10-15 small modular LNG plants in the Permian by end of 2019

“We are seeing a lot of activity in the Permian” with Siemens potentially installing 10 to 15 small modular LNG plants by the end of 2019, said Michael Walhof, director of sales for distributed LNG solutions, a division of Siemens.

Using LNG nothing new in the DJ Basin

Houston-based Prometheus Energy Group Inc. has been trucking LNG to producers in the Denver-Julesburg Basin for years, according to Chief Executive Officer Jim Aivalis. But as oil prices have risen lately so has demand, he said. Currently, the company trucks LNG to drillers from a small Williams Cos. plant in Durango and an Exxon Mobil Corp. plant in southwestern Wyoming, to the DJ Basin northeast of Denver.

“In that area of Colorado there are some very restrictive emissions requirements and there has been a lot of public outcry against the energy industry,” in part because of the number of wells flaring, Aivalis said in a telephone interview.

The LNG carried by Prometheus is chilled to minus 260 degrees Fahrenheit (minus 162 Celsius), then warmed back into gas before being used in engines made by Caterpillar Inc., Cummins Inc. or General Electric Co. for drilling operations, some of which can run on diesel and natural gas at the same time, according to Aivalis. The more natural gas they use, the bigger the savings, he said.

The attitude shift comes amid an Environmental Defense Fund study published last month that estimated that the U.S. oil and gas industry was wasting $2 billion a year through emissions of methane, the main component of natural gas, across the supply chain. Last month, Exxon Mobil Corp., Chevron Corp., Royal Dutch Shell Plc and BP Plc were among the energy producers discussing efforts to use gas as a cleaner, affordable power-plant fuel used in sync with renewables.

“You are seeing a millennial shift where people want to do the right thing,” Krishnamoorti said.

Some Permian gas is priced in the negative: drillers paying to evacuate gas

The economics too are increasingly favoring micro LNG. There are spots in the Permian basin where the price of gas is already negative, so producers are actually paying to “evacuate” gas, said Pablo Avogadri, global LNG platform leader at Baker Hughes. Instead of a salable asset for drillers, “gas is becoming an annoyance,” he said.

In the Permian, the first move toward LNG may come from the Delaware Basin in New Mexico, where Prometheus has been discussing options with potential customers, Aivalis said.

30,000 Gallons

Siemens started working on micro LNG four years ago, Walhof said. The small production plants they’re planning would chill 30,000 gallons a day, compared with the 4 billion gallons a day produced in terminals on the Gulf Coast for export abroad.

Meanwhile, Baker Hughes, the world’s third-biggest oilfield services company, has been receiving requests for proposals for Permian LNG projects that can make the fuel available within a 500-mile region, Avogadri said.
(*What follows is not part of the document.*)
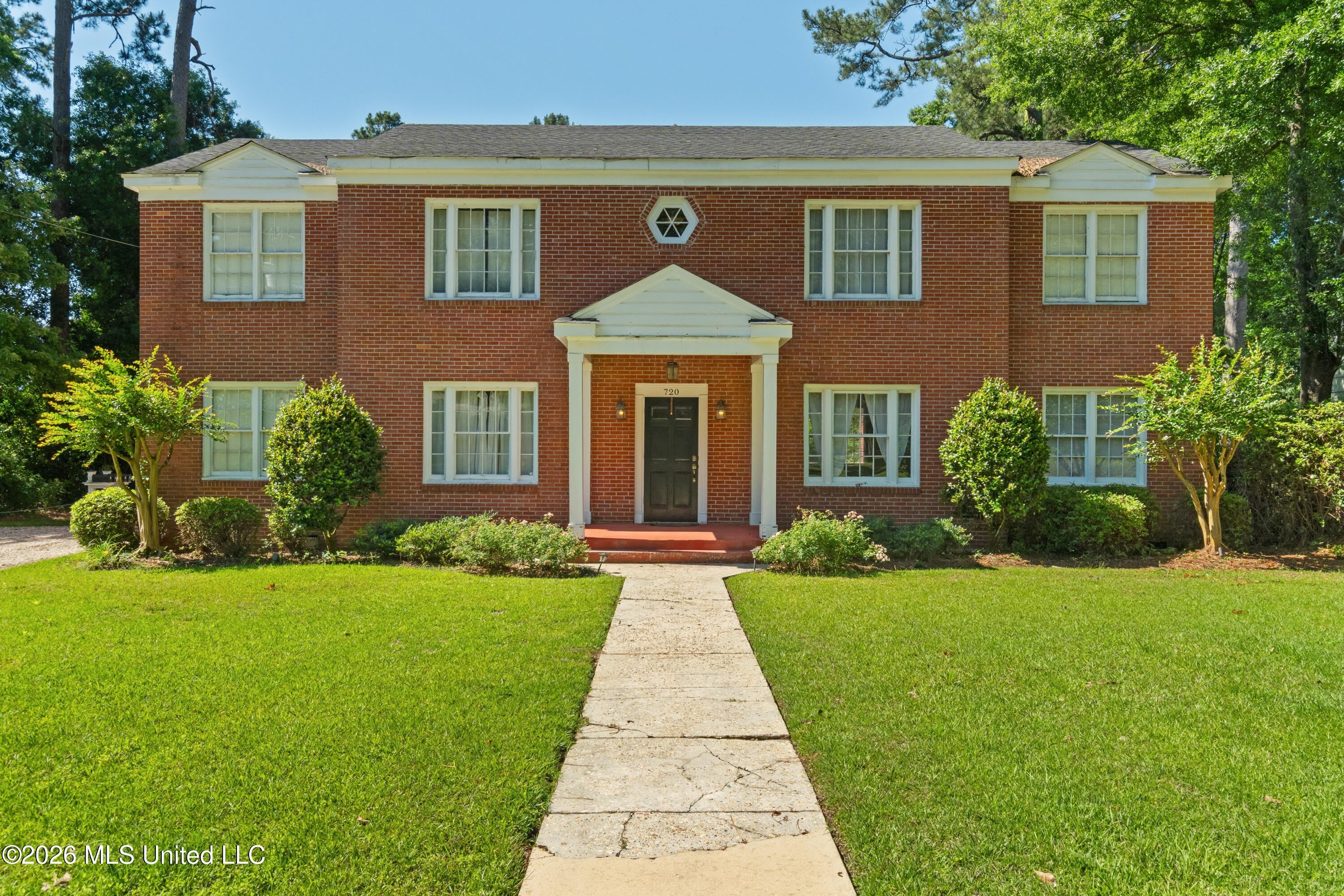 720 Broad Street lot: 1 – photo 1 of 27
The company is studying the question, Avogadri said, adding, “we still need to crack the cost equation.”

Krishnamoorti, meanwhile, equates the challenges of building out the micro LNG plant industry to the launch of Apple Inc.’s cutting-edge iPhone.

“The problem with micro LNG is that we are in the first 2,000 iPhones,” he said. “The more experience you get, the more you can drop the cost.”